The overarching challenge remains achieving unanimous Council approval alongside Parliamentary consent while managing conflicts like Hungary’s veto threat and disputes on the rule of law conditionality. The details of the new mechanism for stopping the payment of EU funds if the rule of law is not functioning have not been disclosed in the reported information.
The seventh negotiating round with the parliament is scheduled for Thursday. The European Parliament's approval is necessary for the funds to flow on time. The European Parliament is located in Brussels, Belgium.
In summary, the EU budget negotiations for 2028-2034 are ongoing, with the German government's compromise aiming to bridge Parliament's increased funding demands and member states' fiscal concerns. The unresolved situation with Hungary’s frozen funds and Orbán’s veto threat poses a significant barrier, making the final agreement uncertain and likely to require extended high-level negotiation.

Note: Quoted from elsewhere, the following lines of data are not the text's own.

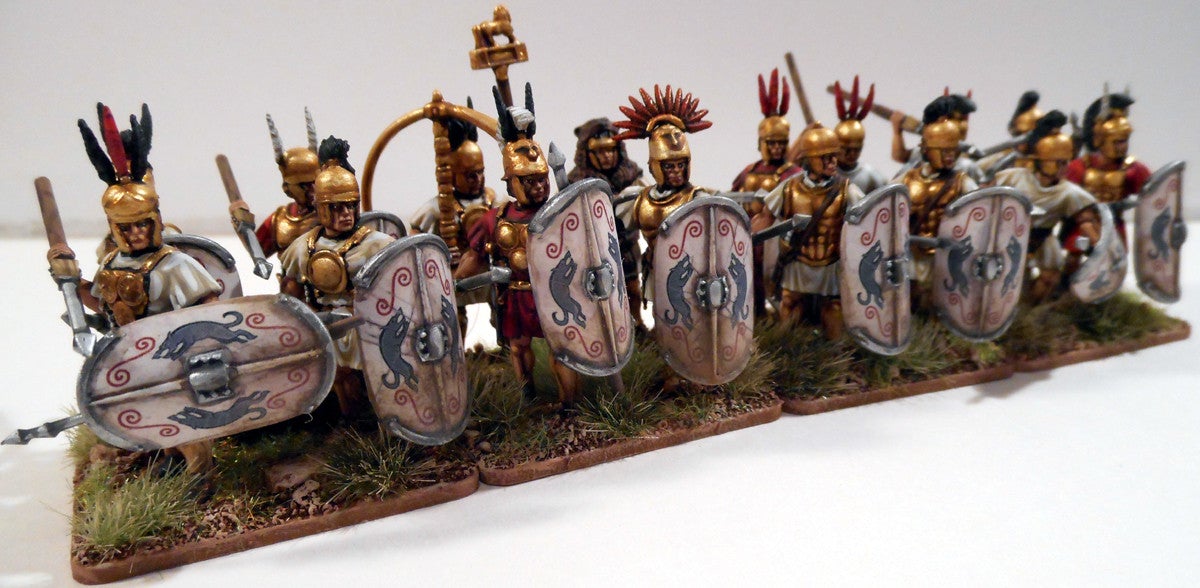 28mm Ancients - Rome's Italian Allied Legions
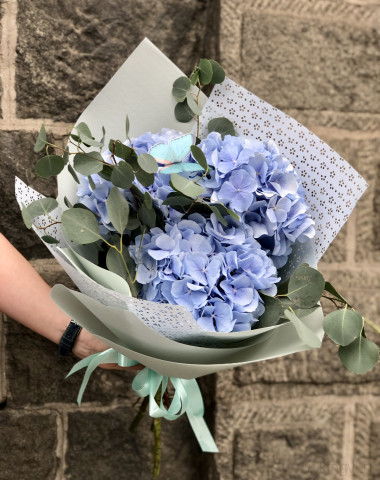 Букет &quot;Свежий бриз&quot;с бабочкой — Цветочный король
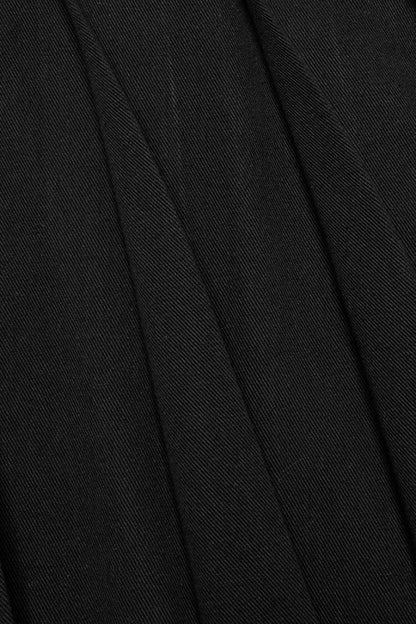 Black Buckle Men's Punk Skirt
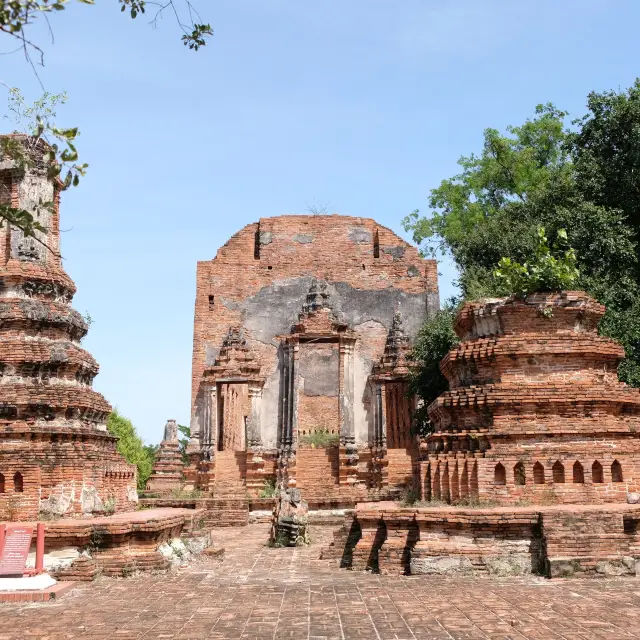 วัดที่ 86 โบราณสถานวัดพระยาแทน (ร้าง) อยุธยา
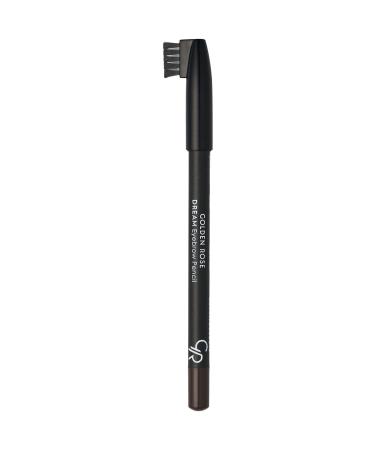 Golden Rose Dream Eyebrow Pencil No 309 Dark Brown - Eyebrow Pencil - 8691190603090 - Buy Online on GoSupps.com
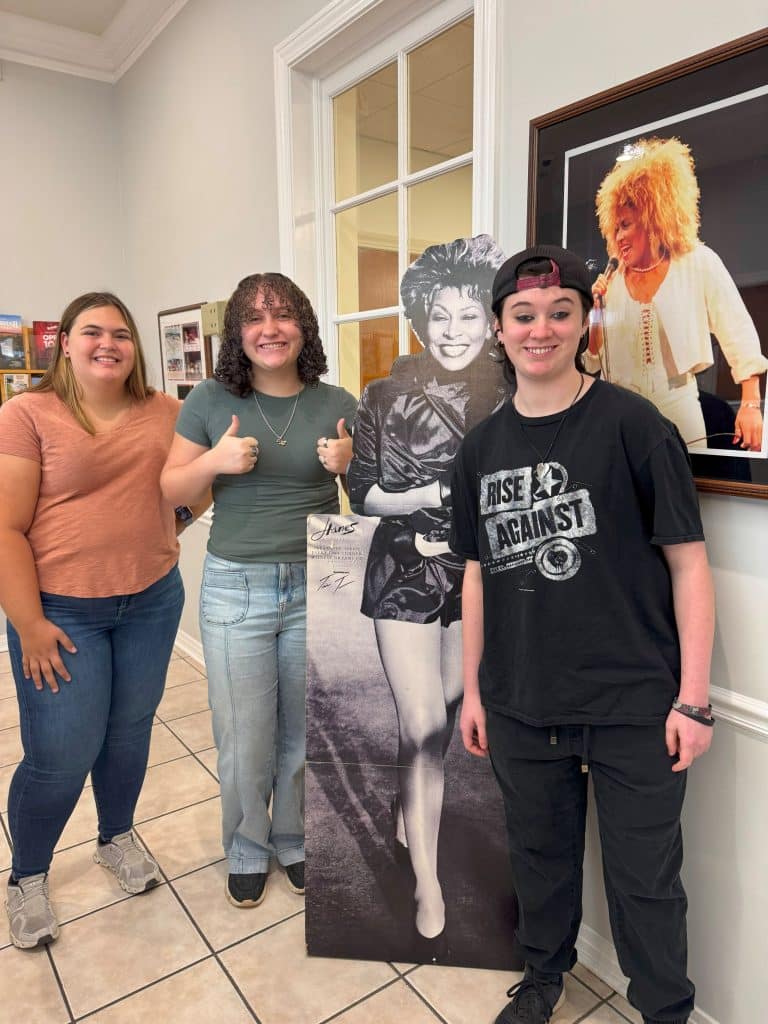 PTK Students visit West Tennessee Delta Heritage Museum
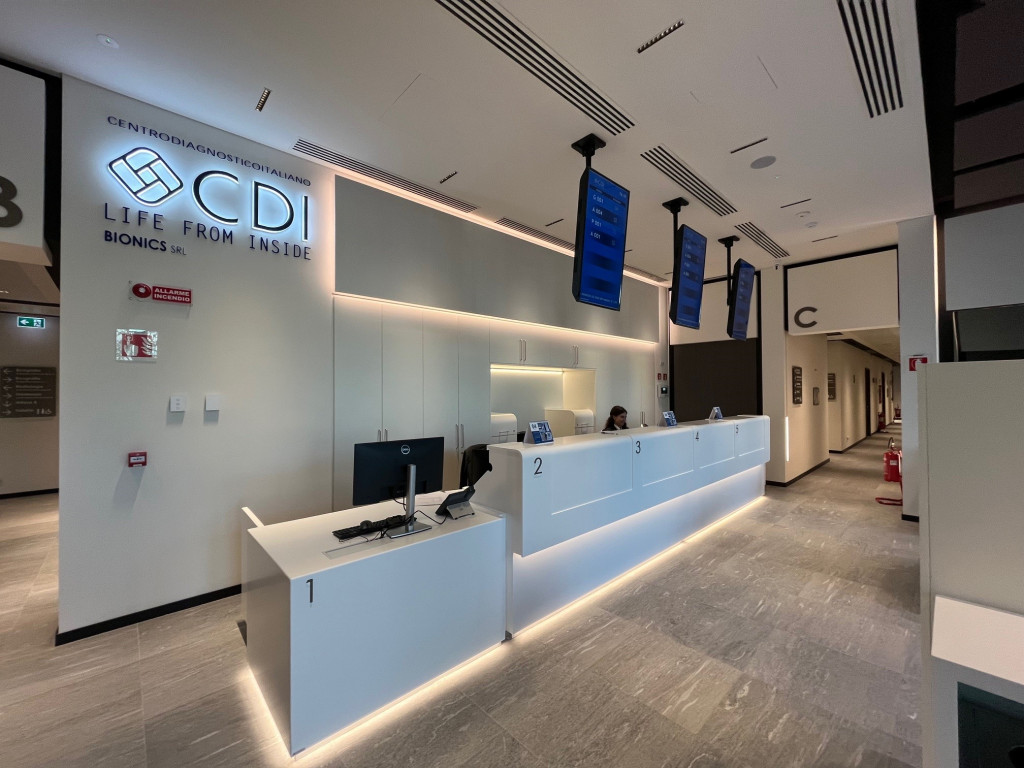 Accettazione laboratorio analisi CDI Milano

- Amidst the ongoing budget negotiations within the European Union for 2028-2034, disagreements extend beyond just fiscal responsibility to other areas such as finance, business, politics, and general-news, as evidenced by Hungary's veto threat and the European Parliament's criticisms on funding allocations for key EU programs.
- Beyond the fiscal issues, the tensions in the European Union's budget negotiations also involve discussions on redirecting finance from areas like military capacity building to climate action, social programs, and innovation, demonstrating their impact on the broader scope of issues like general-news and business.